By this point, it’s unclear precisely what level of realism or abstraction Lapid’s movie will be pitched at, and familiarity with his two divergent previous efforts—the two-pronged assault of Policeman (2011), the unstable virtuosity of The Kindergarten Teacher (2014)—doesn’t do much to clear things up. But the passage’s tactile immediacy, and the commingled sense of anguish and anticipation expressed therein, speaks to the thrilling precarity of Lapid’s latest, which occupies a world where perhaps the only sane response is a state of constant flight.
Save a couple of brief, possibly unreliable flashbacks to the Israeli military, Synonyms takes place entirely in Paris—the abode of many an artist and writer, and here Yoav’s designated refuge from what he terms “a country whose fate is sealed.” For this film, Lapid drew from his own experience as a twentysomething émigré who fled to the European city following his military service and who, while there, refused to speak Hebrew. (Later on in the film, Yoav observes that his own rejection of the language is not unlike his grandfather’s rejection of Yiddish, the “language in which he was beaten.”) Yoav’s daily meal—a half-pack of pasta, a quarter-can of crushed tomatoes, and two spoonfuls of crème fraîche; total cost 1.28 Euros—is the kind of detail that only first-hand experience would dictate. And his conception of experience as an accumulation of stories suggests nothing if not an artist’s temperament. In one of a few racounteur’s flourishes, he tells Caroline and Emile, with whom he enters into a kind of mediated ménage à trois, of how he once mistook a violin and bow for a shotgun and magazine, thus finding in an innocuous photograph of a young boy the potential for suicide. Apart from setting up the tensions between art and violence that course throughout the film, the scene suggests the potential for artistic distortion, and carries more than a tincture of madness.
In addition to his own time in Paris, the Israeli director has cited Nagel, the yellow-suit clad protagonist of Knut Hamsun’s 1892 psychological novel Mysteries, as a crucial model for Yoav, perhaps referenced by the mustard-colored overcoat—a gift from Emile—which he wears throughout much of the film. Anchored by Mercier, an astonishing performer here making his screen debut, Synonyms doesn’t progress in the usual sense, so much as constantly restart, leaping from scene to bewildering scene with an arresting illogic. Lapid makes the most of the actor’s impressive physical presence, showcasing his taut, sculptural physique (often seen in the nude) and his seemingly boundless intensity. Twice during the film Yoav breaks out into a manic, ecstatic dance—first in his spartan flat to nothing but the sound of his own breath (and for no apparent reason), and later in a crowded hotel bar to Technotronic’s “Pump Up the Volume,” with a loaf of bread incongruously in hand. In a different context, these might be reckoned as something like prophetic visions.
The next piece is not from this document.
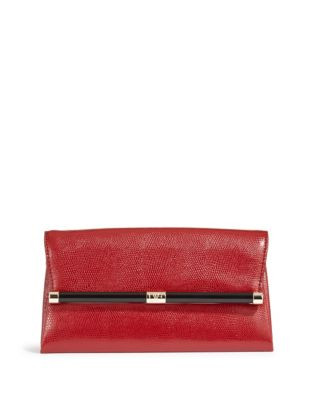 Diane Von Furstenberg Embossed Leather Envelope Clutch - RED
Though he’s an adroit orchestrator of discrete scenes, Lapid has thus far struggled to construct wholly satisfying narrative containers for them. So if Synonyms stands as his most accomplished work to date, that’s because it commits fully to an elliptical, disjunctive method. (Indeed, its greatest concession is that it eventually provides the viewer with enough information that what initially seems daringly irresolvable comes to feel merely ambiguous.) Twined as its movements are with Yoav’s psyche, Synonyms offers a frenzied, fractured Parisian tour, entirely removed from a sightseer’s casual wonder. During one of his numerous jittery jaunts through the City of Light, all filmed in a muddy digital stream as in the opening shot, Yoav repeats to himself: “Don’t look up,” rejecting the supernal beauty before him, just as he rejects his inherited identity. He visits the Notre Dame cathedral twice across the film, but neither time is there even a faint suggestion of the sublime. Nonetheless, a certain mythologizing tendency remains: because of his propensity for flight and the tales told to him as a child, Yoav considers himself a kind of Hector figure—although crucially, his parents’ tellings always withheld the Trojan hero’s fate.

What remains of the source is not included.